Not until the sacrifice was “consumed” did Gideon realize he’d been chatting with an angel. Not so unlike Mary, talking to Jesus outside the tomb on that third day after his death. How often are we in God’s presence and don’t realize it? As the breath of God, God’s Holy Spirit is with each and everyone of us, in this very moment, regardless of what is going on around us, enveloping us in God’s presence. Staggering!
I miss having all of you here, because I’m guessing this would be one of those moments when I might become cognizant of the deep quiet in the sanctuary, to the point of being able to hear a pin drop on carpet sort of quiet, and most eyes on me. But I don’t get wigged out by it because I know it’s not me that you see, but God’s presence in which you sit. It’s that place of knowing I’ve done my job, and now God is showing up to do God’s job, which is very holy ground. And if that’s not “where” people are in that moment, I don’t go all apologetic to God, because I’m counting on God doing that very thing - somewhere else down the road for each person.

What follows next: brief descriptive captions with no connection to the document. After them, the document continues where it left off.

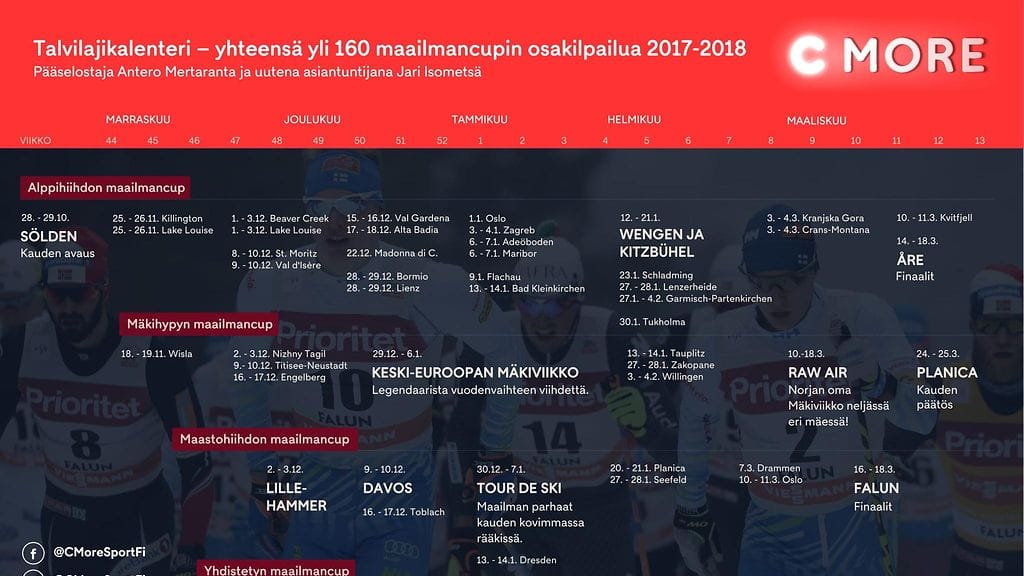 Hiihtolajit kalenteri 2017 (2)-1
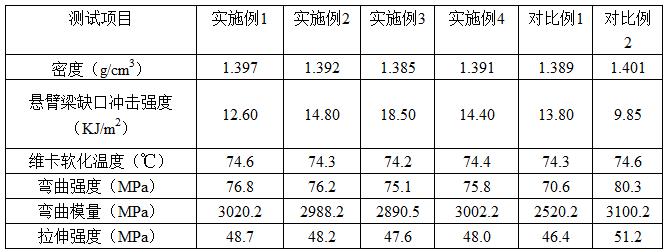 一种高强度、耐冲击的聚氯乙烯注塑材料组合物及其制备方法与流程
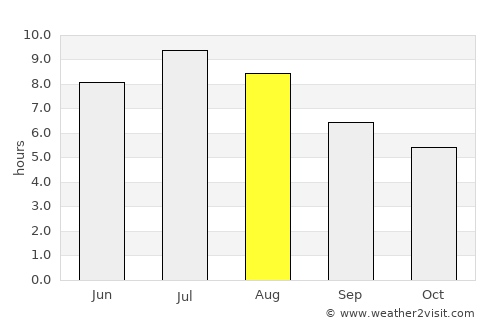 Alba average rain in August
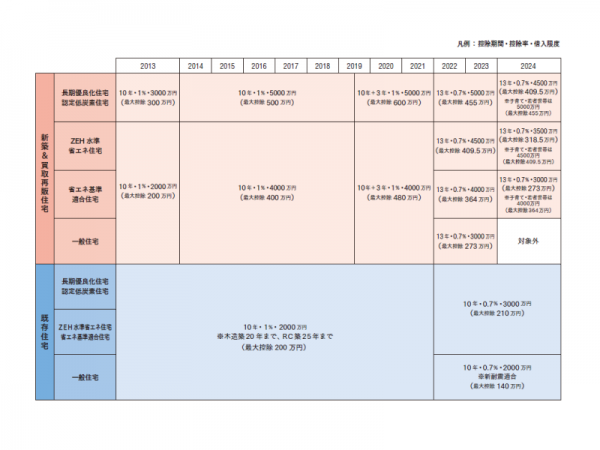 図2：住宅ローン控除額の変遷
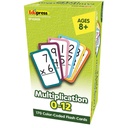 Multiplication Flash Cards - All Facts 0-12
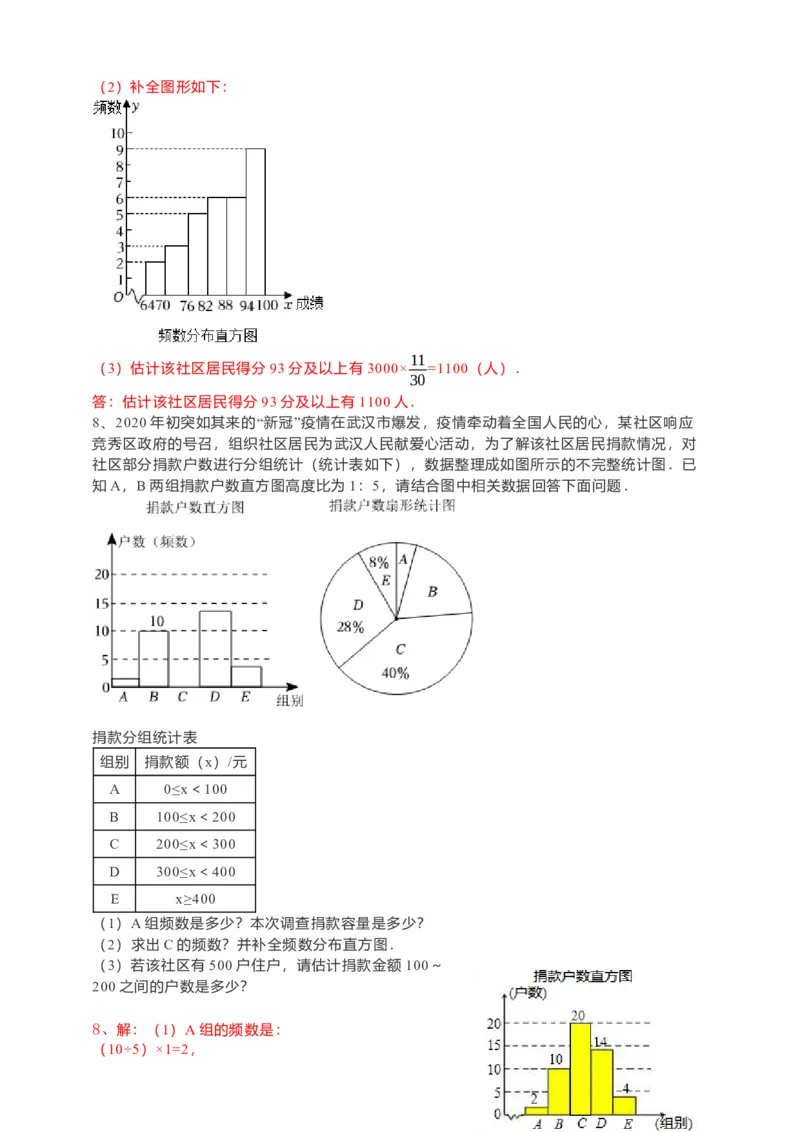 10.2直方图（解析版）_初中数学人教版_7下-初中数学人教版_7下-初中数学人教版（旧版）赠送_05学案_导学案（第1套）_10.2直方图导学案（原卷版+解析版）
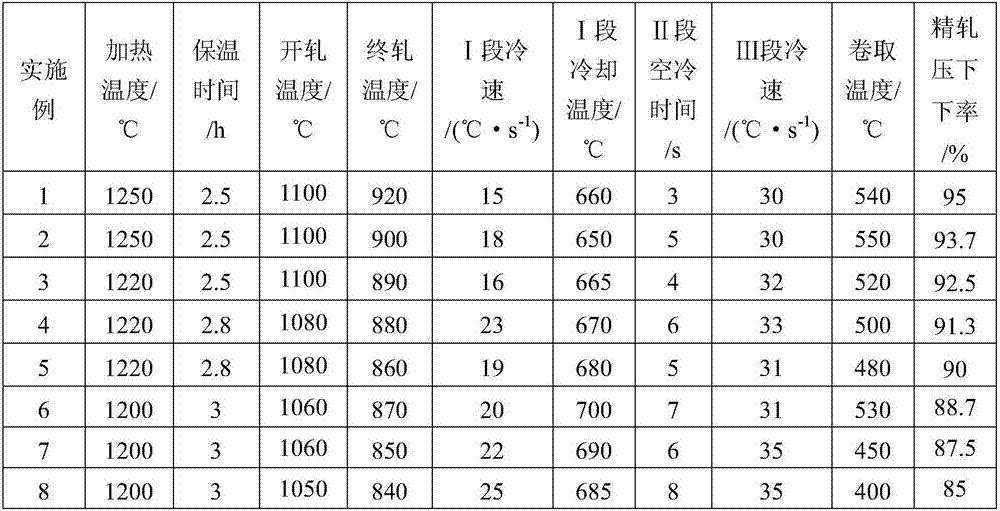 Hot-rolled complex phase steel plate with good broaching performance and production method thereof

Because that is Jehovah Rapha - God as healer - and Yahweh Shalom - the Lord is peace. We may feel frightened or lost, terrified or lonely, anxious or unnerved, but those are our feelings, and God created us to have all of them. Those very valid feelings don’t replace the truth, however, that God is here, with each of us, right now, and it has always been and always shall be.
The other night, it was about 10:30, and I was out walking and noticed a street light. It was 37 degrees, because I stopped to check. I didn’t check the humidity, but it had to be rather high, as I could “see” the air. It wasn’t fog, and it wasn’t mist, so maybe it was fist - fog - mist…. It couldn’t be felt and had the light not been there, I wouldn’t have noticed it. But it was there, non-the-less. God’s healing and peace, regardless of how goofy they may look, how impossible they seem, are right here and right where you are - whether you be in Australia, India, Minnesota, Florida or any place else.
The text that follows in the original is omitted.